> _Brief_
Print the entries once more, unchanged.

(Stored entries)

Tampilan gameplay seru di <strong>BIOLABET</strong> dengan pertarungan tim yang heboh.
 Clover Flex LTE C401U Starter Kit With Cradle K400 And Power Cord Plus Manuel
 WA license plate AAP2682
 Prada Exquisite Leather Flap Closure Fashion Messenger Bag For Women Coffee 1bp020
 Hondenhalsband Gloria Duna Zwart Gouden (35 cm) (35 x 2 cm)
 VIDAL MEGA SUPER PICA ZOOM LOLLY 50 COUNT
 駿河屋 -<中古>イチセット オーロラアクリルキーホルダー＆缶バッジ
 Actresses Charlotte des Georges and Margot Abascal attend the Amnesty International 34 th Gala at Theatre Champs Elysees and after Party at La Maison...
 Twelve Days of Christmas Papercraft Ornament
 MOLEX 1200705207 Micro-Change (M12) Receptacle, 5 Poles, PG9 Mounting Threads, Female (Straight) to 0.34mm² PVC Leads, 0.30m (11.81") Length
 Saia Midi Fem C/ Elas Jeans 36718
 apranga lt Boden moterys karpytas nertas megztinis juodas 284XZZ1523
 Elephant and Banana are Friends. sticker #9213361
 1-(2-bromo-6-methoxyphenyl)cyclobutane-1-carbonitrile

> _Reply to the exercise_
Tampilan gameplay seru di <strong>BIOLABET</strong> dengan pertarungan tim yang heboh.
 Clover Flex LTE C401U Starter Kit With Cradle K400 And Power Cord Plus Manuel
 WA license plate AAP2682
 Prada Exquisite Leather Flap Closure Fashion Messenger Bag For Women Coffee 1bp020
 Hondenhalsband Gloria Duna Zwart Gouden (35 cm) (35 x 2 cm)
 VIDAL MEGA SUPER PICA ZOOM LOLLY 50 COUNT
 駿河屋 -<中古>イチセット オーロラアクリルキーホルダー＆缶バッジ
 Actresses Charlotte des Georges and Margot Abascal attend the Amnesty International 34 th Gala at Theatre Champs Elysees and after Party at La Maison...
 Twelve Days of Christmas Papercraft Ornament
 MOLEX 1200705207 Micro-Change (M12) Receptacle, 5 Poles, PG9 Mounting Threads, Female (Straight) to 0.34mm² PVC Leads, 0.30m (11.81") Length
 Saia Midi Fem C/ Elas Jeans 36718
 apranga lt Boden moterys karpytas nertas megztinis juodas 284XZZ1523
 Elephant and Banana are Friends. sticker #9213361
 1-(2-bromo-6-methoxyphenyl)cyclobutane-1-carbonitrile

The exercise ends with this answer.